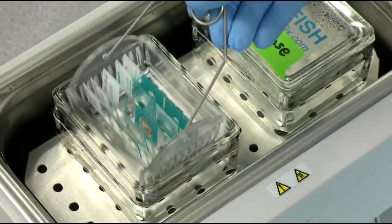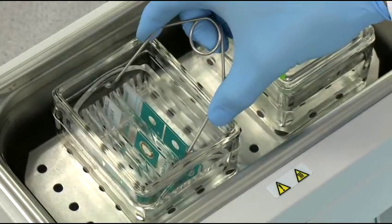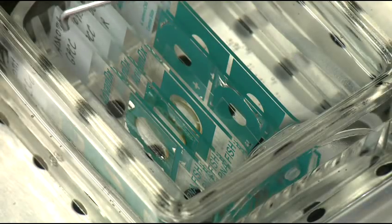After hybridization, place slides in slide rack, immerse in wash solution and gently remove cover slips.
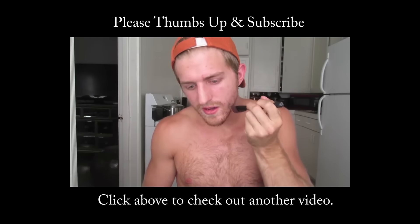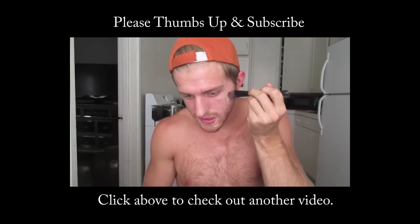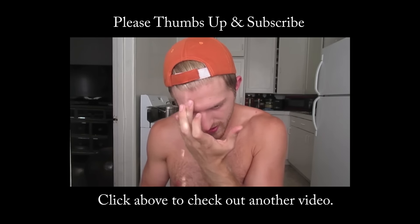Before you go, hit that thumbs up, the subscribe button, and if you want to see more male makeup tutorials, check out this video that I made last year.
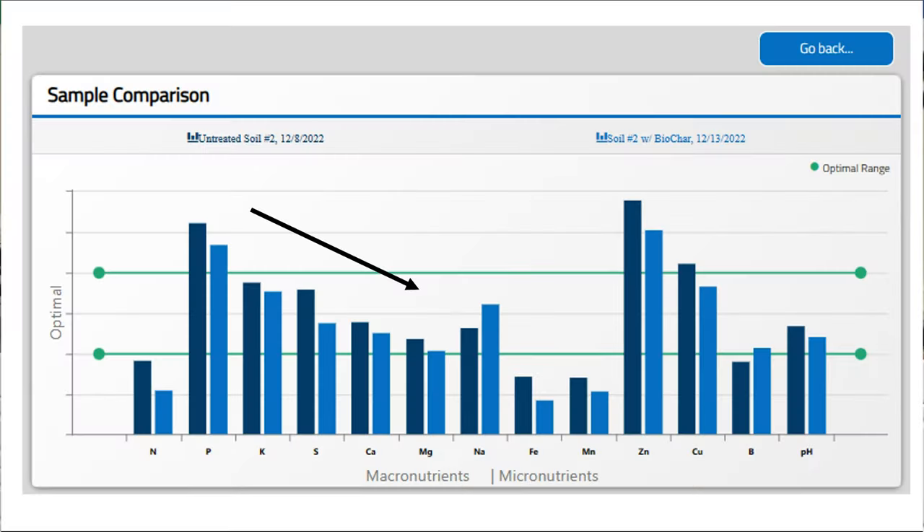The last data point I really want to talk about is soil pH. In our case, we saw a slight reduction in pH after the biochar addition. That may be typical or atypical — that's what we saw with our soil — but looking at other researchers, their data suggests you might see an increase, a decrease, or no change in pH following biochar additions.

ACTION ITEM: Please give again, exactly and only, the lines from the top of the listing above through the line that has "Before you go, hit", with pictures left out.

YOUR RESPONSE:
After hybridization, place slides in slide rack, immerse in wash solution and gently remove cover slips.
Before you go, hit that thumbs up, the subscribe button, and if you want to see more male makeup tutorials, check out this video that I made last year.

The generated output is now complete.